Monday, May 18, 2009

Open Data: license, rights, aggregation, clean interfaces?

A recent post by Cameron on his visit last week with Nico, Peter and Jim, discussed Open Data licensing. This lead to an interesting discussion on these matters, and questions by me on why people care so much about only public domain data (or licensed with PDDL or CC0).

Open licensing for data has not as much matured as for software, and international law seems to be more confusing about the issues. I guess that is because data aggregation has been around for way before the computer era. The PDDL and CC0 both try to overcome this fuzziness. But there is another issue we need to keep in mind. A lot of useful Data was aggregated and made Open before these licenses came about, and use, for example, the GNU FDL license, such as the NMRShiftDB.

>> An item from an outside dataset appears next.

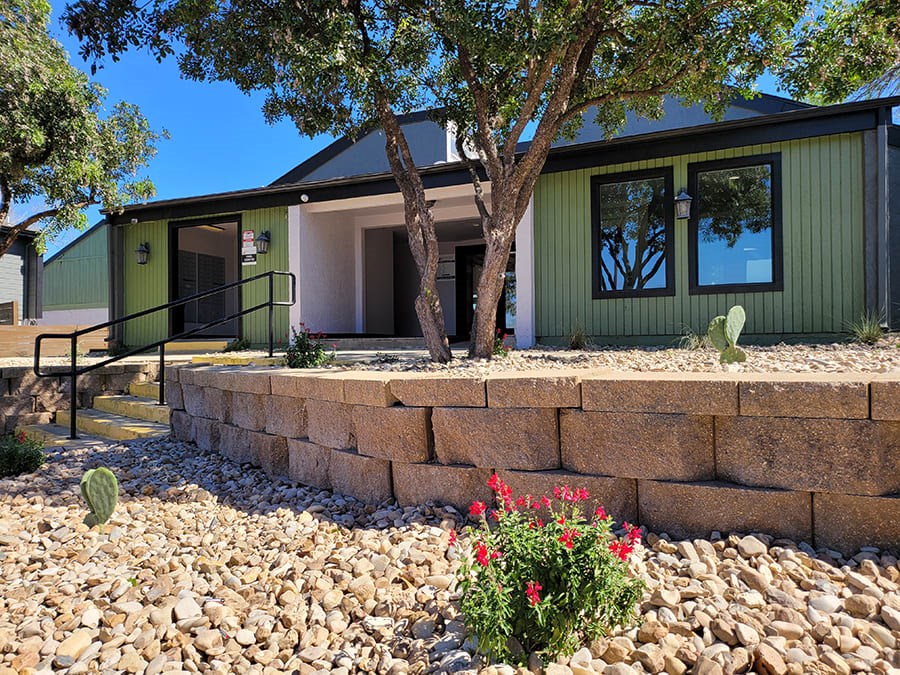 a house with a stone retaining wall and a tree in front of it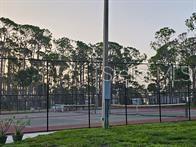 A fenced tennis court sits outdoors surrounded by tall pine trees under a clear sky — 5672 HOLIDAY PARK BOULEVARD, NORTH PORT, FL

Right now, there are two Open Data camps, much like the BSD-vs-GPL wars in Open Source: one that believes in waiving any rights on the Data, indicating that facts are free; others that believe that data must be protected to not be eaten by big companies and lost to the community (e.g. the WolframAlpha arragnements are suspect).

Of course, both camps are not that far apart, and both believe Open is important. Interestingly, there are some noteworthy differences with the Open Source wars. I see parallels between the two, which details an important difference: Open Source has algorithms (uncopyrightable) and implementations (copyrightable); Open Data has Data (uncopyrightable) and aggregation (copyrightable). Open Source talks mostly about the implementation, not the algorithm; it's Open Source, not Open Algorithms after all. In cheminformatics it is even often the case that the algorithms are not even specified and that there only truly is source.

However, Open Data in title does not make distinction. Data is fairly cheap and acquisition can be automated and computerized; Aggregation, on the other hand, requires human involvement: curation and thinking about data models, etc. This is where added value is. Consider an assigned NMR spectrum or the raw data returned from the spectrometer.

It is this added value that people want to protect, not the data itself. I think.


One important argument that tend to show up when people argument for PDDL and CC0 is that it makes data aggregation easier. This is most certainly true: if you can do whatever you like with a blob of data, that also means aggregate with any other blob of data. However, copyleft licenses, like the GNU FDL, require the aggregation to have a compatible license too. It is the license incompatibilities that make this impossible. Or ... ?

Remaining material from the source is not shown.